Quel serait l’intérêt de grandir une force armée étrangère dans un pays sans autorité centrale ? Aucune. Quel intérêt d’apporter notre soutien à une stratégie américaine dans ses desseins de déstabilisation et de « containment » de la Chine ? On le cherche. Les talibans sont partout et nulle part. De temps en temps, une dépêche nous annonce quelques dizaines de tués parmi eux avant que le silence ne retombe. Le taliban serait-il un prétexte ? Il est en tout cas de plus en plus mystérieux.
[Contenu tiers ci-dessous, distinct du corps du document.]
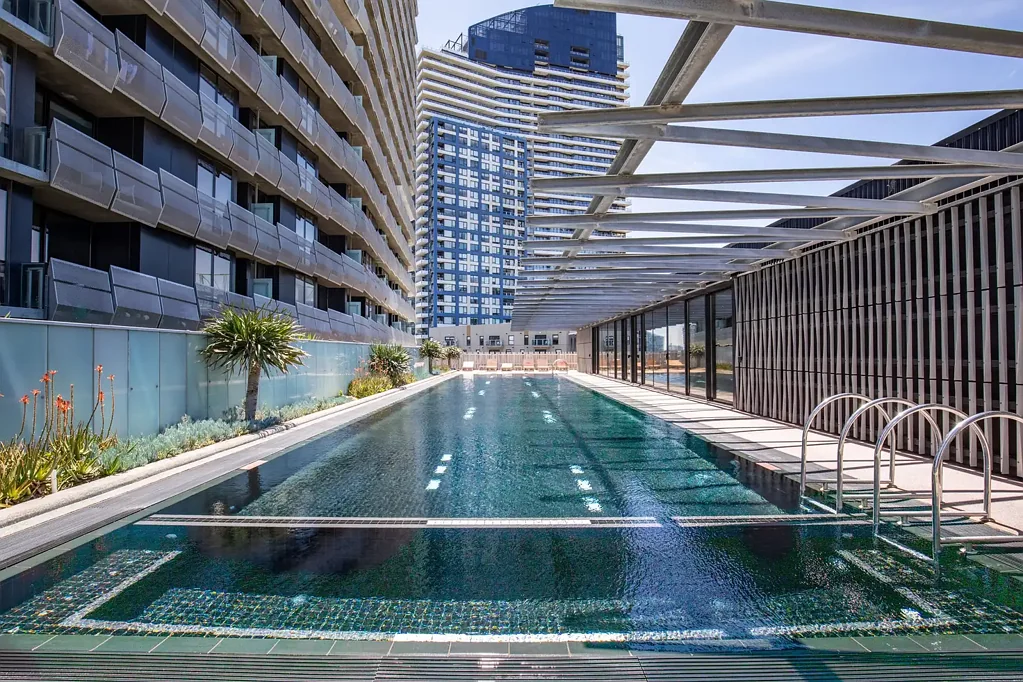 UNFURNISHED 2 BEDROOM WITH AMAZING DOCKLANDS VIEWS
Le souci politique de l’Elysée d’entrer le plus complètement possible dans le discours américain contredit largement tout le discours du Président dimanche soir. Nicolas Sarkozy y plaidait avec vigueur pour une défense européenne indépendante. L’envoi de 700 parachutistes (unités d’élite) français dans la région de Kandahar est de la part de Paris un signal fort en direction du Pentagone. Si 87 soldats anglais sont tombés en Afghanistan, 13 français y ont laissé la vie en l’espace de quelques mois. C’est cher. La position française effraie par son imprudence et son souci de complaire sans être en mesure d’obtenir aucun avantage décisif.³
Le soutien apporté à l’OTAN, organisation militaire fragilisée depuis que les nouveaux membres, les pays de l’Europe de l’Est, passé l’enthousiasme freinent des deux pieds, ne participe pas à un regard neuf de notre part. A la vérité, tous les gouvernements européens murmurent que l’OTAN n’est plus une structure moderne mais tous craignent de franchir le Rubicon pour forger une défense européenne dégagée de cette organisation née en 1954.
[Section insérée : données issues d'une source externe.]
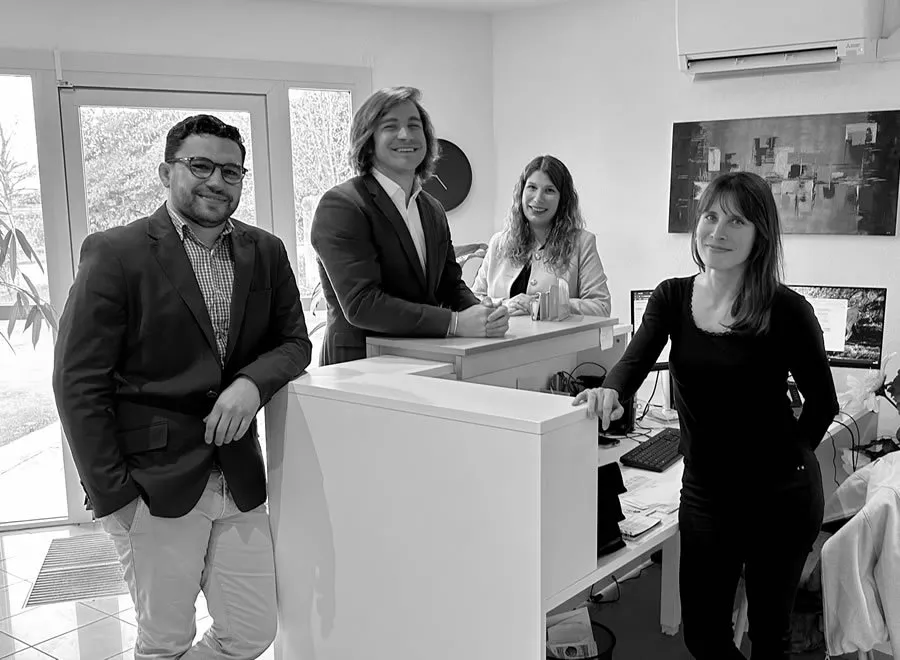 L'équipe du cabinet Lexora Avocats dans ses bureaux de Lagord, près de La Rochelle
On ferait bien de relire le très intéressant article de Paul-Marie de La Gorce paru dans Le Monde diplomatique en décembre 2002 dans lequel il indiquait ce qui suit
: « Dans la stratégie américaine trois cadres différents se superposent partiellement : la politique définie après la guerre froide pour empêcher la résurgence de toute puissance rivale analogue à ce que fut l’Union soviétique, et qui visait d’abord l’affaiblissement de la Russie ; la lutte globale contre le terrorisme, les Etats qui le soutiennent, mais aussi ceux qui ont décidé d’acquérir des armes de destruction massive ou s’en sont déjà dotés ; et la guerre engagée le 7 octobre 2001 contre l’Afghanistan avec ses rebondissements et ses prolongements. Pour une large part, les trois cadres coïncident avec l’espace géographique compris entre les mondes chinois, indien, slave et arabe, et que recouvre pour les experts américains le concept de « sud-ouest asiatique. »
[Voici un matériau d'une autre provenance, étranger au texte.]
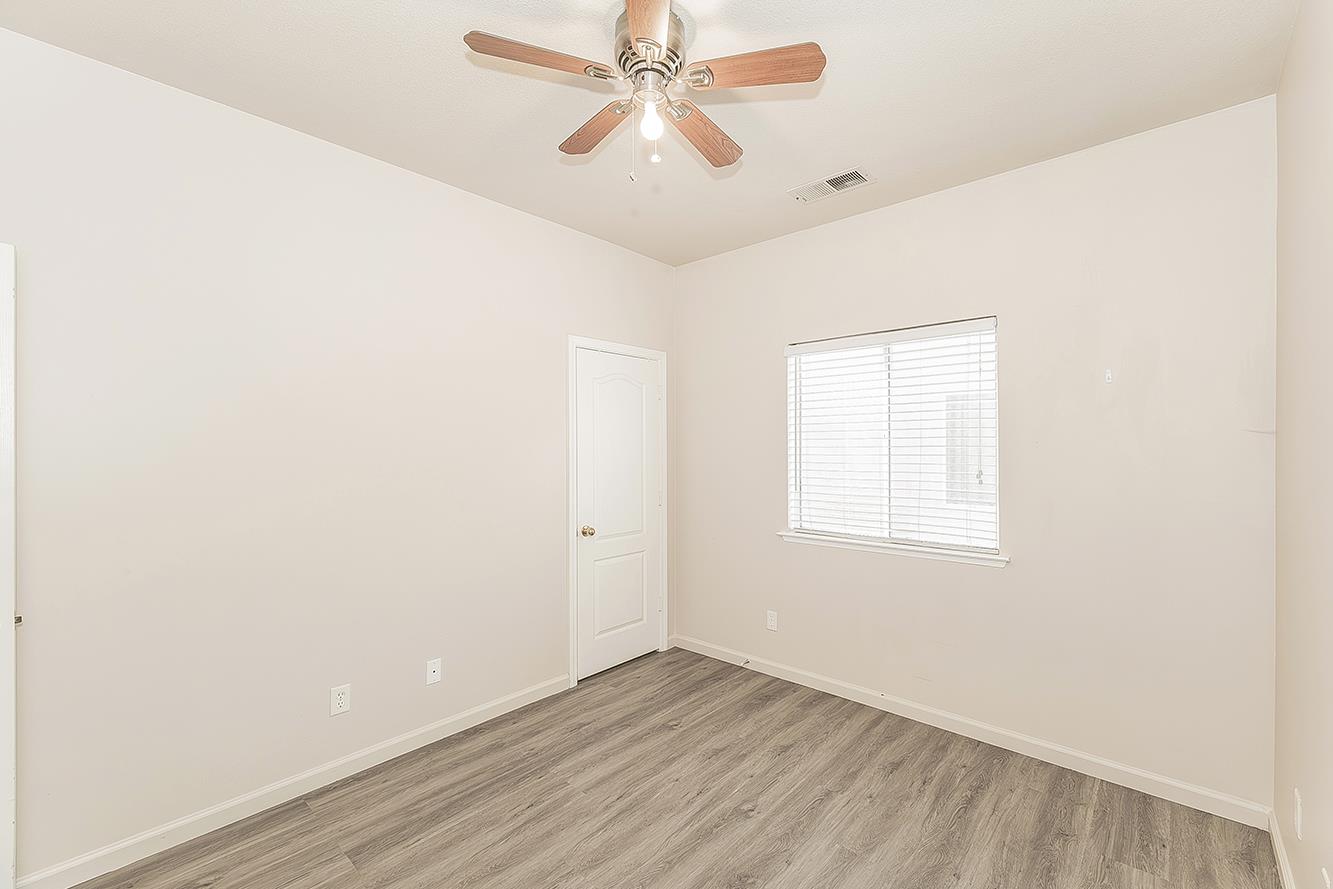 7246 N Laval Ave, Fresno, CA 93720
Et de conclure, quelle serait donc la légitimité de l’engagement de nos forces d’une part et de celui de l’Union européenne dans ce sud-ouest asiatique made in US aussi peu en liaison avec notre histoire ? Une prophétie du XVe siècle ne dit-elle pas qu’entre Kandahar et Farâh (provinces du sud-est et du sud-ouest afghan) « se trouvait le lieu de la future bataille où doit se décider le sort de l’Asie » ?


©Jean Vinatier 2008

Notes :

ISAF ou FIAS (en français, Force Internationale d’Assistance et de Sécurité) créée en décembre 2001 par les Nations Unies pour sécuriser la région autour de Kaboul. Depuis cette date, la mission n’a cessé de s’étendre à l’ensemble du territoire afghan. Depuis octobre 2002, l’OTAN est présente en Afghanistan.
Quarante pays participent à cette force mais, seulement 20 y ont des troupes. La force est passée progressivement de 16 000 hommes à 43250 hommes. Les contingents, américain (15 000 hommes) et anglais (8000 hommes) sont les plus nombreux.